武田 尚子

2024 18 Jun

選択肢広がるカップ付アイテム

海外ではあまり見当たらない日本らしいインナーウエアの代表といえば、ブラカップ付きのキャミソールであろう。ブラカップ(パッド)がバスト部分に内蔵されたキャミソールやタンクトップだ。
かなり以前から存在していたタイプだが、いうまでもなくユニクロの「ブラトップ」(発売は2008年)によってすっかりポピュラーになり、完全にベーシックなアイテムに定着している。コロナ禍によるライフスタイルの変化もあって、ブラジャーの代わりに楽で便利なこれを愛用しているという人も増えた。インナーとアウターの境を超えるという意味でも、女性たちにとってはなくてはならない存在になっている。

今年もますますバリエーションが増えている。
ワコールが展開するファッションブランド「OUR WACOAL(アワワコール)」は、ジュンが展開するファッションブランド「ADAM ET ROPÉ(アダム エ ロペ)」とコラボレーションしたカップインウェアを7月25日(木)から発売すると発表した(販路は両社のECサイトが中心)。写真はカップインチューブトップキャミソール。

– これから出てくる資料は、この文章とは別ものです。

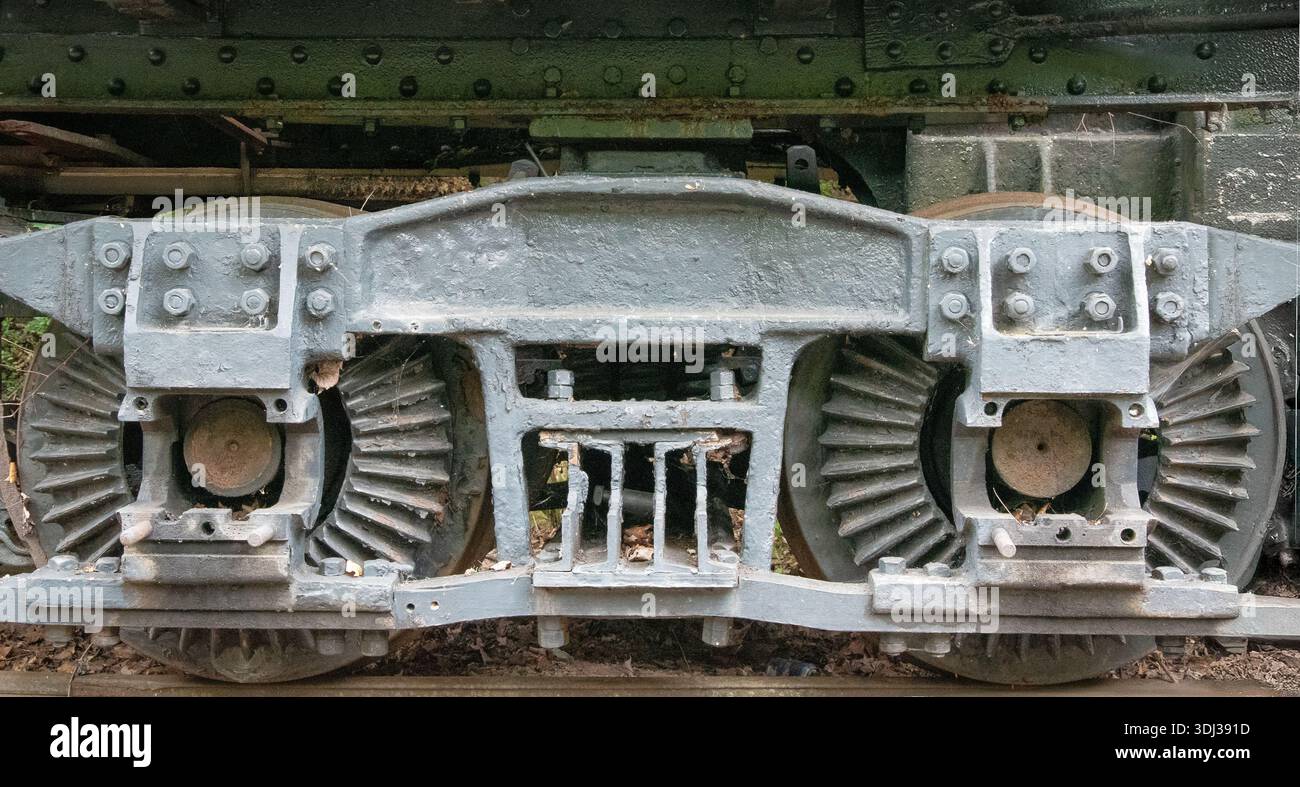 Räder einer Oldtimer-Lokomotive auf dem Anschlussgleis in Cass, West Virginia Stockfoto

ハイウエストのボトムスとも相性が良いショート丈のほか、シアートップスやシャツなどあらゆるトップスにも合わせやすいクロップド丈の2型。さまざまな洋服に合わせやすいようネックラインは直線的に仕上げている。

「OUR WACOAL」の主力アイテムであるカップインウェアで使用されている左右一体型の成型カップを採用


これ以外でも、2024秋冬シーズンの各社展示会では、このカップ付のキャミソールやインナーウエアが充実しているのが目についた。


「プリスティン」(アバンティ)では、以前展開していたオーガニックコットン(40/20ベア天・チューブフライス)のカップ付9分袖シャツが、復活を望む声に応えてリバイバル。袖はオーガニックコットン100%、身頃には5%のポリウレタンが混紡されていて、適度なフィット感があり、肌寒い季節でもこれですっきりした着こなしができる。

肌触りの柔らかいスマイルコットンの「フリープ」(島崎)は、新しく登場した綿100%(天竺)のヘルシーシリーズでも、他シリーズと同様、ブラキャミのラインナップは欠かせない。ストレスのない着け心地でありながら、サイドパネルとカップの一体構造(特許取得)でバストをきれいに整えるように工夫されている。

「ランジェリーク」(カドリールインターナショナル)では、ブラジルの建築家、オスカー・ニーマイヤーをテーマにした秋冬コレクションの〈CITADEグループ〉の中に、大人の女性をイメージした洗練されたカップインキャミソールを組み入れた。綿100%極細糸の艶のある天竺に、開放的な佇まいの街にある植物をイメージした柄のオリジナルストレッチレースが効果的だ。

カジュアルな着こなしにも、エレガントな着こなしにも合うカップ付キャミソールは、このように選択肢が広がっている。ブラ機能もしっかりしたややハードめから、ソフトでナチュラルなものまで。